Tuesday, January 23, 2007

Iraq War Grief Daily Witness Day 6

A person burns in a minibus shortly after a bomb attack in Baghdad, January 21, 2007. A bomb killed two people and wounded seven when it destroyed a minibus in Karrada, in central Baghdad, police said.
REUTERS/Namir Noor-Eldeen (IRAQ)

Burning the Fields
by Linda Bierds


In the windless late sunlight of August,

my father set fire to a globe of twine. At his back,

the harvested acres of bluegrass and timothy

rippled. I watched from a shallow hill

as the globe, chained to the flank of his pickup truck,

galloped and bucked down a yellow row, arced

at the fire trench, circled back,

arced again, the flames behind

sketching first a C, then closing to O—a word

or wreath, a flapping, slack-based heart,

gradually filling. To me at least. To the mare

beside me, my father dragged a gleaming fence,

some cinch-corral she might have known,

the way the walls moved rhythmically,

in and in. And to the crows, manic

on the thermals? A crescent of their planet,

gone to sudden sun. I watched one stutter

past the fence line, then settle

on a Hereford's tufted nape,

as if to peck some safer grain, as if

the red-cast back it rode

contained no transformations.


A seepage, then, from the fire's edge: there

and there, the russet flood of rabbits.

Over the sounds of burning, their haunted calls

began, shrill and wavering, as if

their dormant voice strings

had tightened into threads of glass.

In an instant they were gone—the rabbits,

their voices—over the fire trench,

into the fallows. My father walked

near the burn line, waved up to me, and from

that wave, or the rippled film of heat,

I remembered our porch in an August wind,

how he stepped through the weathered doorway,

his hand outstretched with some

book-pressed flower, orchid or lily, withered

to a parchment brown. Here, he said, but

as he spoke it atomized before us—

pulp and stem, the pollened tongue,

dreadful in the dancing air.


Scummed and boxcar thin,

six glass-walled houses stretched beside our fields.

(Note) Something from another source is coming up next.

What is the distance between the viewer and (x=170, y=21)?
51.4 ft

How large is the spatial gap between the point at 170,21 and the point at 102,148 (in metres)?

Inside them, lilies, lilies—

a thousand shades of white, I think.

Eggshell, oyster, parchment, flax.

Far down the black-mulched beds, they seemed

ancestral to me, the fluted heads of

dowagers, their meaty, groping,

silent tongues. They seemed

to form perspective's chain:

cinder, bone, divinity . . .


My father waved. The crows set down.

By evening, our fields took the texture

of freshened clay, a sleek

and water-bloated sheen, although no water

rested there—just heat and ash

united in a slick mirage. I crossed the fence line,

circled closer, the grasses all around me

collapsing into tufts of smoke. Then as I bent

I saw the shapes, rows and rows of tougher stems—

brittle, black, metallic wisps, like something grown

to echo grass. The soot was warm,

the sky held smoke in a jaundiced wing,

and as a breeze crossed slowly through,

stems glowed—then ebbed—

consecutively. And so revealed a kind of path,

and then a kind of journey.


RubDMC said...

for peace

anniethena said...

Peace and witness

olivia said...


roses said...

For peace and consolation

Denny in Seattle said...

Peace, please.

morrigan said...

I witness for peace.

"I know. But I do not approve. And I am not resigned."
from Dirge Without Music
by Edna St. Vincent Millay

moira said...


TXsharon said...

Peace and love

musing graze said...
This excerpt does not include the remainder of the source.